(Work order): In your copy, include no images and return each entry exactly as written.

[[ Provided data open ]]

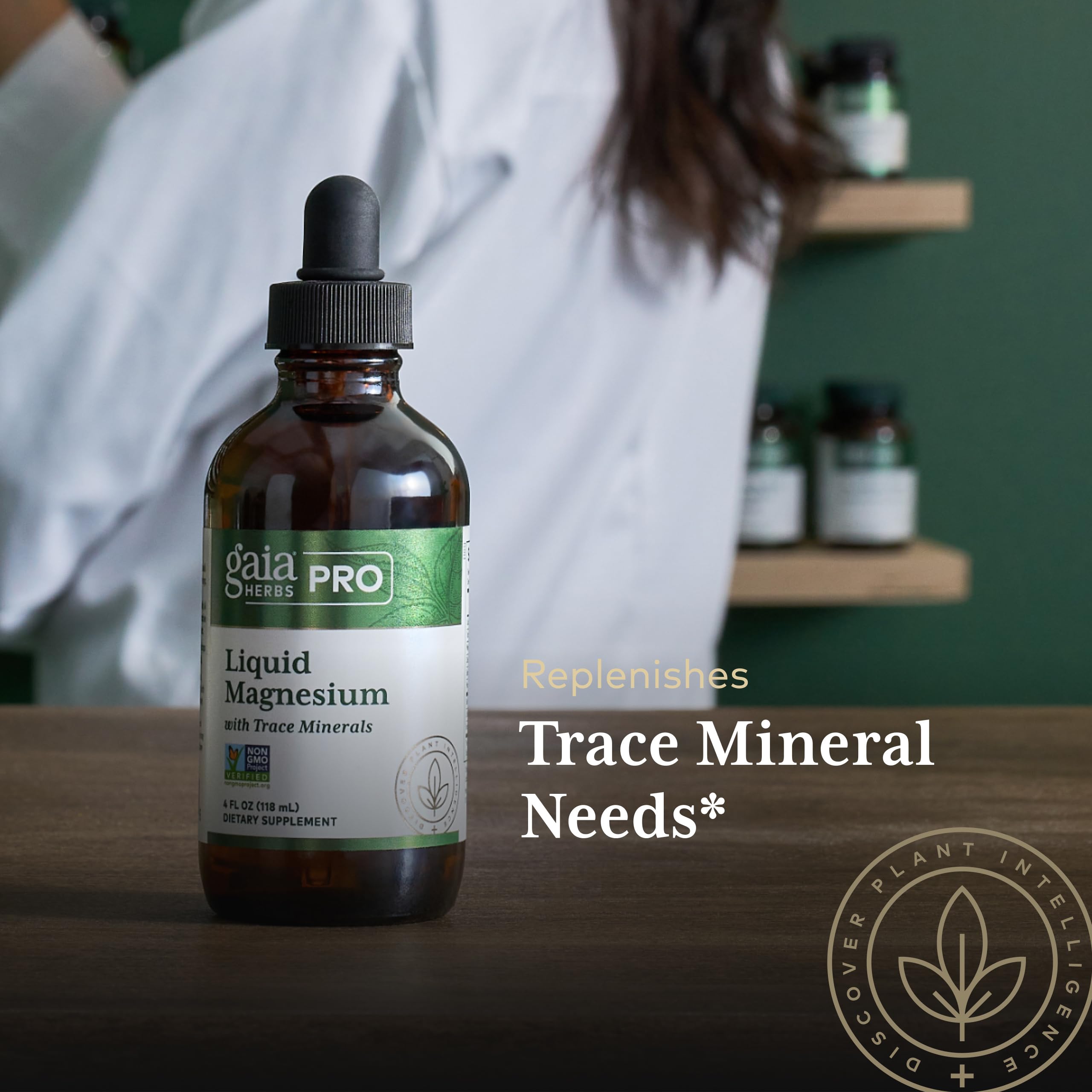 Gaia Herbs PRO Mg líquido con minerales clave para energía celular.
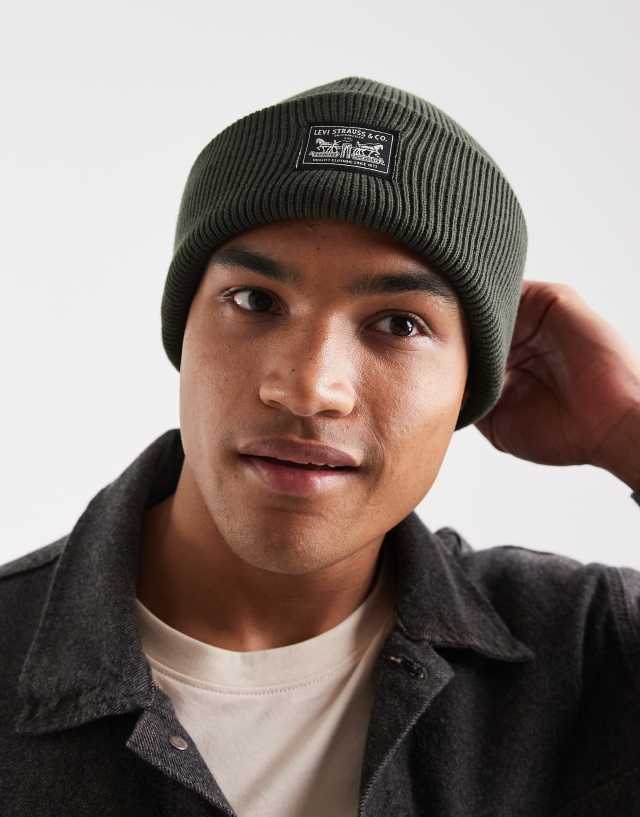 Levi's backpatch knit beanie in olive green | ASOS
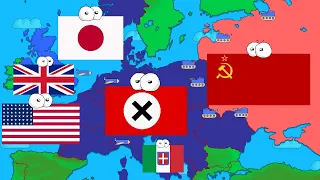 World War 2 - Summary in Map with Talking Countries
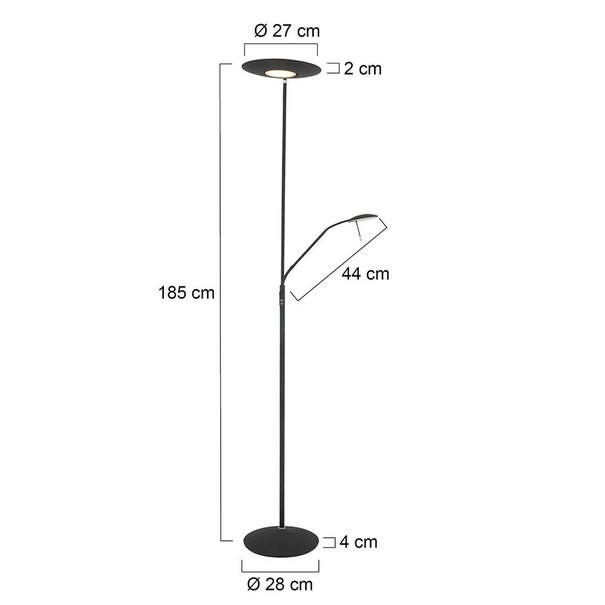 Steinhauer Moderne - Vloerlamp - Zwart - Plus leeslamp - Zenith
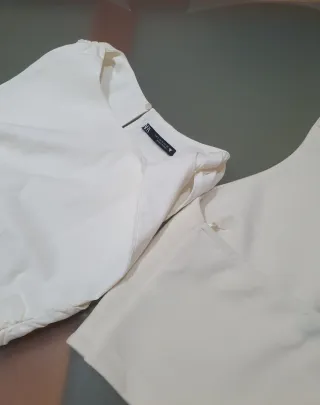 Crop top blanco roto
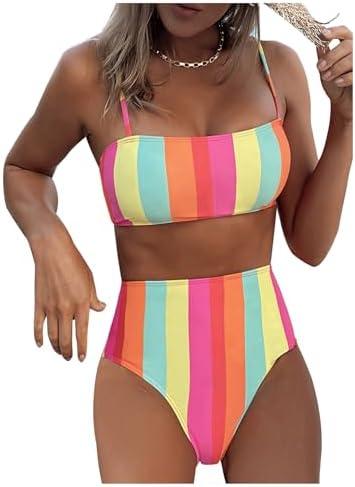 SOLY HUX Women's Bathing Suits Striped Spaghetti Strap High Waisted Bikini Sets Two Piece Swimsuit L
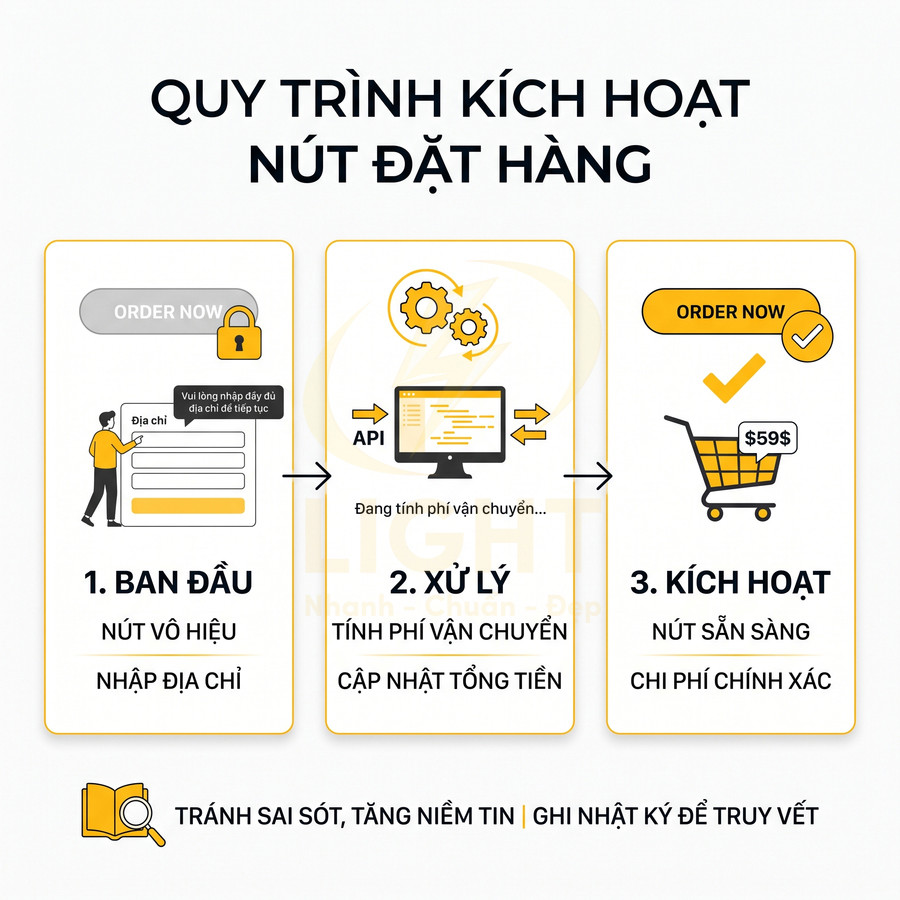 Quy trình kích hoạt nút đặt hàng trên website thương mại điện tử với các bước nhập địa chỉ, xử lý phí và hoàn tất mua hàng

[[ Provided data closed ]]

(Solution for this problem):
 Gaia Herbs PRO Mg líquido con minerales clave para energía celular.
 Levi's backpatch knit beanie in olive green | ASOS
 World War 2 - Summary in Map with Talking Countries
 Steinhauer Moderne - Vloerlamp - Zwart - Plus leeslamp - Zenith
 Crop top blanco roto
 SOLY HUX Women's Bathing Suits Striped Spaghetti Strap High Waisted Bikini Sets Two Piece Swimsuit L
 Quy trình kích hoạt nút đặt hàng trên website thương mại điện tử với các bước nhập địa chỉ, xử lý phí và hoàn tất mua hàng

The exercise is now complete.